Le jeune dragon ne répondit pas. Il n’était pas grand, guère plus, sans doute, qu’un vaisseau de quarante rames, et maigre comme un ver malgré l’envergure de ses ailes membraneuses et noires. Il n’avait pas encore atteint la taille d’un adulte, et il lui manquait encore la voix et la malice des dragons. Telle une flèche, il fondit droit sur le petit bateau de Ged en ouvrant ses longues mâchoires hérissées de dents ; Ged n’eut donc qu’à lier et figer ses ailés et ses membres au moyen d’un sort unique mais suffisamment puissant pour l’envoyer plonger dans la mer comme une pierre, et les flots gris se refermèrent sur lui.
Deux dragons semblables au premier s’élevèrent depuis le pied de la plus haute tour. Tout comme le premier, ils plongèrent droit sur Ged, et de la même façon il les prit tous les deux, les précipita dans la mer et les noya, sans même avoir à lever son bâton de sorcier.

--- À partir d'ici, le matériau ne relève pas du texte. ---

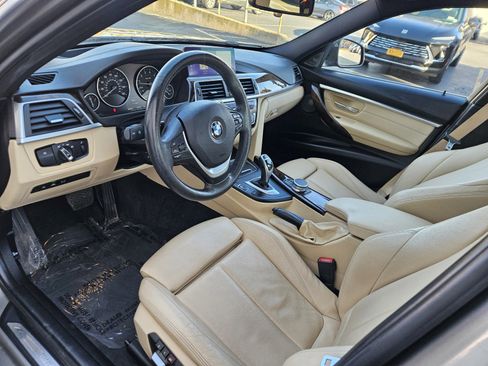 Used 2018 BMW 330i xDrive Sedan w/ Premium Package image 23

Après un certain temps, trois autres dragons s’en vinrent vers lui depuis l’île. L’un d’eux était beaucoup plus gros, et du feu roulait entre ses mâchoires. Les deux autres vinrent directement à lui en agitant vivement et bruyamment leurs ailes, mais le premier arriva très rapidement par-derrière en décrivant un arc de cercle, afin de brûler Ged et sa barque dans son souffle enflammé. Deux venant du nord et l’un du sud, aucun sort liant ne pouvait les emprisonner ensemble. À l’instant où il comprit cela, Ged composa aussitôt un sort de Changement, et en un clin d’oeil il s’envola de son bateau sous la forme d’un dragon.